# Grabación de audio digital en memoria SD



## Quique (Feb 13, 2009)

Hola a todos!

Tengo en mente un proyecto y necesito grabar audio en algún tipo de memoria de gran capacidad (creo que la mejor es en SD) y que después lo pueda reproducir en una PC. Ésto último es lo importante, se debe grabar en algún "formato" que después se pueda reproducir en la PC (wav, mp3, o el que sea...)

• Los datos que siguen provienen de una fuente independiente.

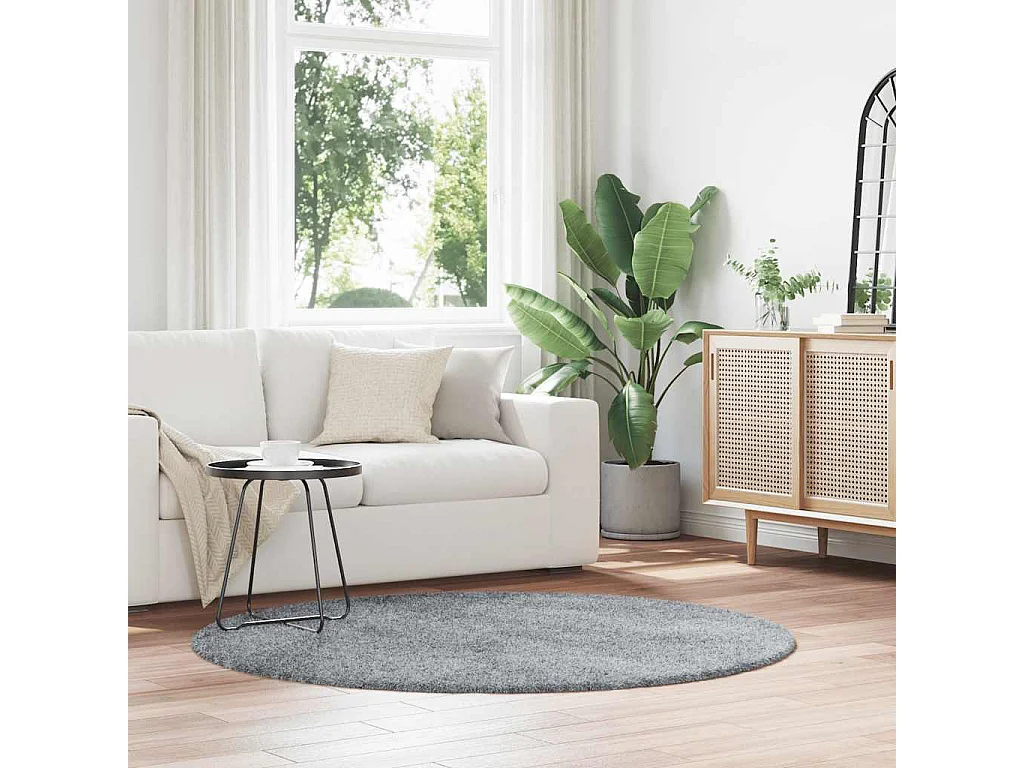 Tapis Shaggy à poils longs NAVARRA gris argenté 160x160 cm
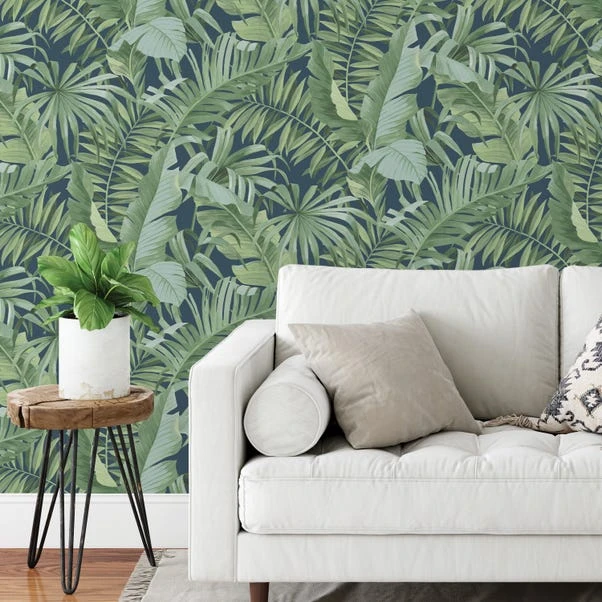 NuWallpaper Nu Wall Self Adhesive Maui Navy Wallpaper 3 NuWallpaper Nu Wall Self Adhesive Maui Navy Wallpaper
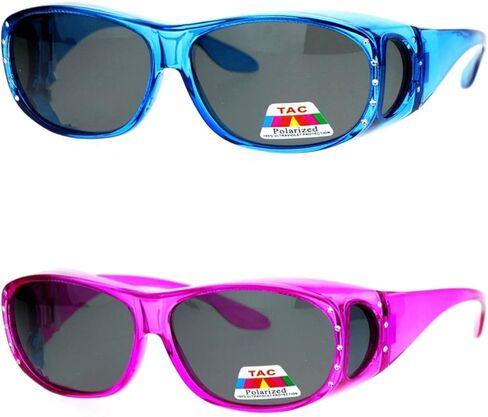 2 Pair Womens Rhinestone Anti Glare Polarized Fit Over Glasses Sunglasses Oval Rectangular in Saudi Arabia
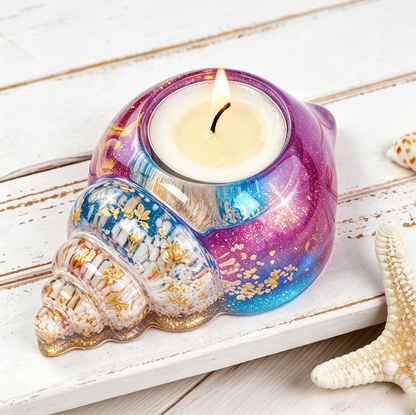 2-in-1 Seashell Candle Holder Figurine Resin Mold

Bueno, este es el problema. Apelo a todos sus conocimientos para resolverlo y me ayuden   

Saludos a todos los Foristas, que hacen de éste un gran foro de discución.

Quique


----------



## fer45 (Feb 14, 2009)

si la pregunta va de formatos de audio para pc, y cual es de mayor calidad

son  los que no tienen perdidas alguna, APE/FLAC (tamaño aprox. la mitad del WAV) o el puro WAV

Saludos!


----------



## sonemati (Ago 31, 2009)

que es lo que queres? grabar desde un microcontrolador (PIC) grabar desde un microfono? grabar desde una entrada? explica mejor tu proyecto asi te podemos ayudar


----------



## teogomez (Ene 6, 2010)

Que tal!, yo también tengo el mismo problema y necesito ayuda con un proyecto similar.

Necesito grabar audio proveniente de un micrófono, dentro de una guitarra, y guardarlo en una memoria SD o alguna otra para posteriormente reproducirlo en una bocina o pasarlo a la computadora. lo siguiente sería mostrar el tiempo de grabación y algunos otros menus en un LCD, pero lo que más me interesa de momento es ¿Qué dispositivo es mejor para llevar a cabo la grabación?, que microcontrolador, que micrófono, o algún integrado que lleve a cabo esta tarea, mi idea es una grabación de buena calidad, quizá no de estudio, pero si algo decente, mejor que una grabación común de celular.

Gracias y esperamos su ayuda! Feliz año


----------